Observo as expressões que o rosto faz ao se empolgar em contar algo realmente alegre, o sorriso dos olhos e os lábios tímidos já quase sem batom de tão animador que foi falar por trinta minutos sobre aquela lembrança feliz. Ou, sobre o olhar baixo e as mãos constrangidas mexendo em um guarda napo amassado sobre os últimos dez minutos comentando sobre algo que realmente machucou e ainda não cicatrizou. A ferida aberta, exposta, mas a confiança de que eu vou ouvir tudo isso e não vou usar depois para criar outra ferida ainda maior. Com uma esperança silenciosa de que em algum lugar exista alguém que não venha pra tirar, e sim pra entender.

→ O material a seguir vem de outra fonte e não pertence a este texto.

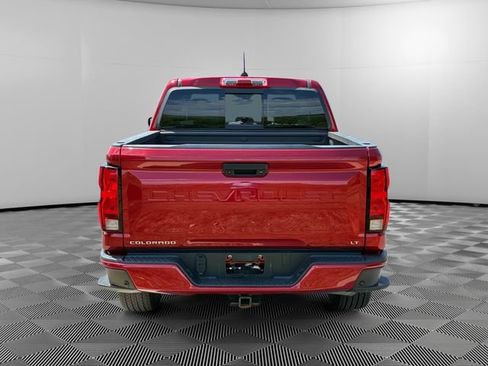 Used 2024 Chevrolet Colorado LT w/ LT Convenience Package AWD/4WD image 4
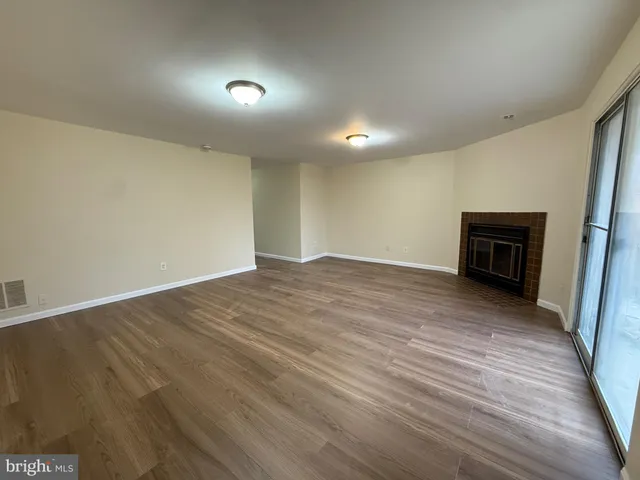 $385,000 | 19 Spring Glen Court, Cockeysville, MD 21030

E embora eu fuja de contatos físicos, quando precisar de um abraço não exite. Venha sem pedir. Porque no fim do dia oferecemos aquilo que somos, aquilo que temos. Durante muito tempo tentei entender porque algumas pessoas machucam quem foi boa pra elas. Até perceber algo simples: as pessoas não oferecem aquilo que você merece, elas oferecem aquilo que tem dentro delas. Quem tem empatia, entrega cuidado. Quem tem frieza, entrega distância. Quem tem amor, entrega presença. No fim das contas cada pessoa revela o tamanho da própria essência. E não adianta tentarmos plantar em solos que não querem florescer. Alguns solos são apenas caminhos para grandes jardins. Atitudes mudam sentimentos.